Publikasi memang merupakan salah satu jalan proses kreatif yang berposisi
sebagai jembatan penghubung antara kreator dan pembaca agar nantinya ada timbal
balik berupa apresiasi dan hal lain yang berorientasi pada perbaikan mutu
karya. Publikasi biasanya terelelisasi melaui media dan lomba-lomba. Karena
berfungsi sebagai “jembatan”, mestinya ia harus kokoh dan mengedepankan
nilai-nilai subjektivitas dalam raga yang independen serta jauh dari praktik
komersialisasi. Selain publikasi, adalah legitimasi sebagimana yang saya sebutkan
di atas.
Orang-orang yang punya hasrat komersial
akan bergerak cepat menyusun strategi dengan mengadakan event sastra yang
didesain seolah peduli perkembangan sastra, padahal sejatinya hanya untuk mengeruk keuntungan dari event tersebut;
mereka melempar makanan seolah kasihan kepada ikan-ikan, padahal dalam makanan
itu ada tajam mata kail yang justru akan membuat si ikan sengsara.
Event sastra yang demikian biasanya
digandrungi oleh penulis-penulis pemula. Mereka tak berpikir makna idealisme
substantif selain hanya demi karyanya cepat terpublikasi, dikenal pembaca, jadi
juara, dan mendapat legitimasi. Spirit untuk mencapai semua itu pada akhirnya
membuat si penulis memenuhi seabrek persyaratan yang biasanya punya tendensi
yang menguntungkan bagi penyelenggara semisal wajib follow akun instagram,
like, dan menandai banyak teman, wajib subscribe, like, dan komen sebuah kanal
YouTube, dan lain sebagainya.
Selain persyaratan yang menggunung,
biasanya ada uang registrasi yang membuat si penulis mesti merogoh kocek dengan
perasaan sedikit pahit. Seabrek persyaratan dan adanya registrasi itu pada
akhirnya hanya diganjar hadiah yang tak wajar, sudah demikian, sebagian event
sastra—terutama seleksi buku antologi—juga mewajibkan peserta membeli buku.
Syukur-syukur jika kurasi karyanya betul-betul melahirkan karya yang bermutu
lewat seleksi lihai tangan juri yang kompeten, yang paling miris jika hasil
kurasi karyanya hanyalah karya picisan yang jauh dari esensi sastra yang
hakiki. Karya-karya yang sekadar hasil ayakan yang berdasar pada strategi
komersial tanpa memperhatikan kaidah kesusastraan yang mestinya jadi patokan
penilaian.
Jika event tersebut digandrungi generasi
muda dan buku hasil kurasinya menjadi kiblat mereka dalam berkesusastraan, maka
tak menutup kemungkinan pada akhirnya bangunan sastra tanah air akan rapuh,
menyusut, dan tidak memiliki energi kompetitif di ranah global.
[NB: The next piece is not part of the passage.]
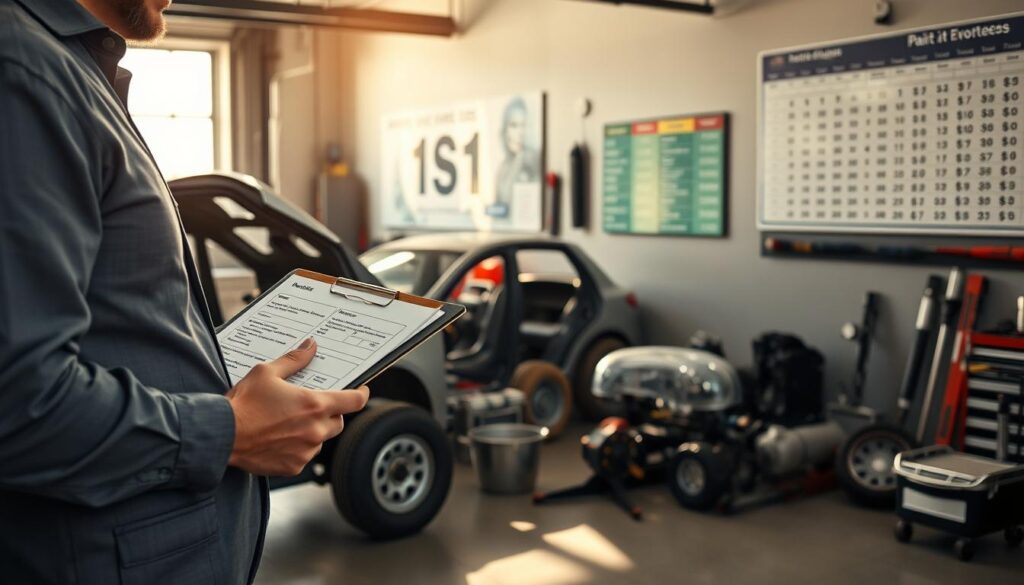 A detailed automotive repair workshop scene, showcasing a technician in professional business attire inspecting a vehicle. In the foreground, focus on the technician holding a clipboard with various repair costs and notes clearly visible. The middle ground features a partially disassembled car, surrounded by various tools and equipment typical for vehicle repairs. In the background, a large wall-mounted chart displays different paint types and costs associated with repair technologies. Soft, natural lighting filters through a garage window, casting a warm glow and highlighting the intricate details of the workshop. The overall atmosphere is one of professionalism and diligence, underscoring the expectations of high-quality service from automotive workshops. A detailed automotive repair workshop scene, showcasing a technician in professional business attire inspecting a vehicle. In the foreground, focus on the technician holding a clipboard with various repair costs and notes clearly visible. The middle ground features a partially disassembled car, surrounded by various tools and equipment typical for vehicle repairs. In the background, a large wall-mounted chart displays different paint types and costs associated with repair technologies. Soft, natural lighting filters through a garage window, casting a warm glow and highlighting the intricate details of the workshop. The overall atmosphere is one of professionalism and diligence, underscoring the expectations of high-quality service from automotive workshops.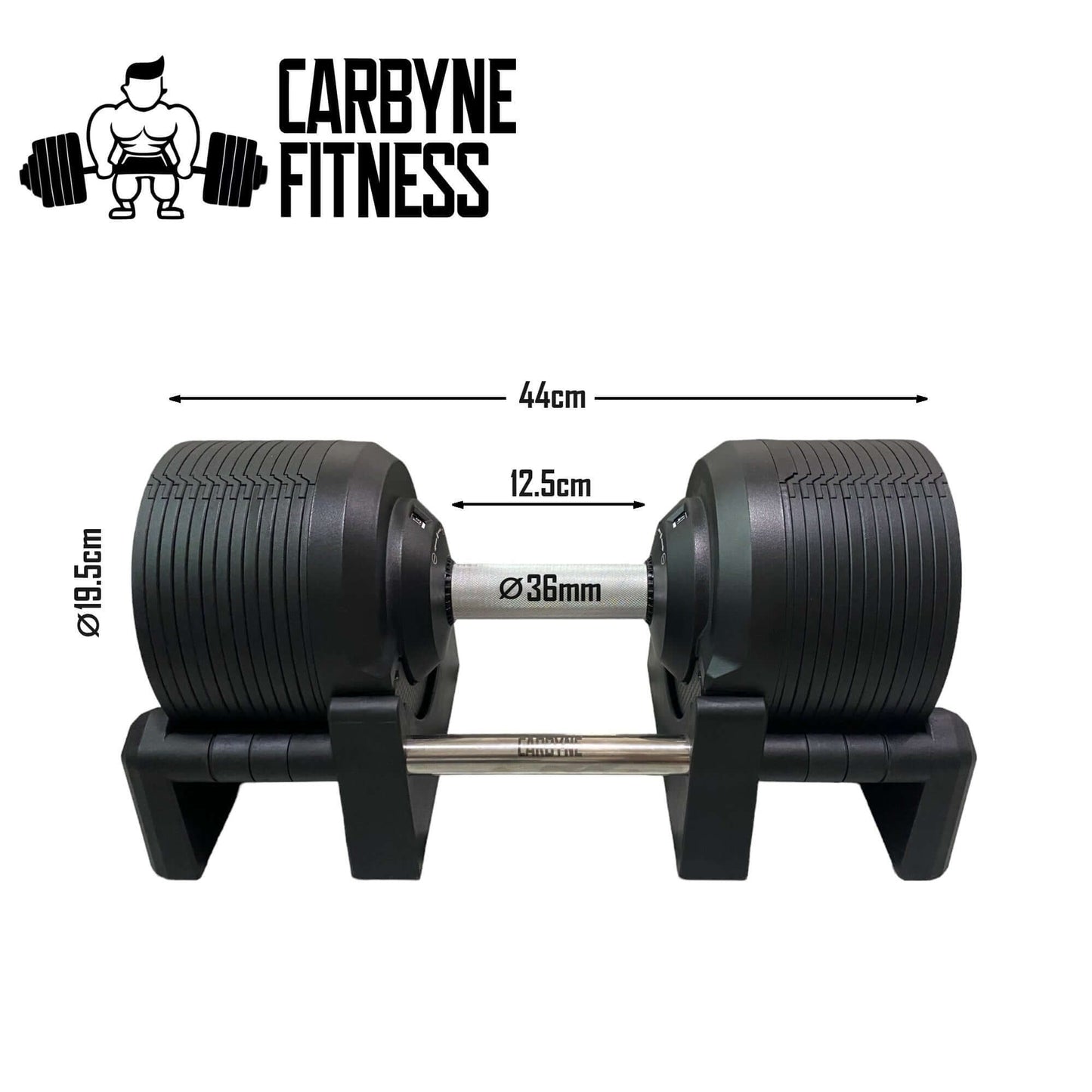 CARBYNE 415 Black Adjustable Dumbbell on stand, showing dimensions; premium gym equipment for versatile home workouts.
Karya sastra
yang seharusnya eksis sebagai potret perjalanan zaman dan corong kebudayaan
bakal tercemar dan mengalami disfungsi; sekadar tatahan teks-teks lebay
dan omong kosong. Tentu siapa pun tak rela hal itu terjadi. Maka jika hendak
menyelamatkan sastra, selamatkanlah generasi kita dari event sastra komersial
yang kerap menghaturkan sebentuk makanan lezat tapi di dalamnya menyimpan mata
kail.
Jangan biarkan generasi kita jadi
ikan-ikan bodoh yang kerap mendekat kail itu; alih-alih mengunyah sebentuk
kenikmatan, tapi malah berujung petaka.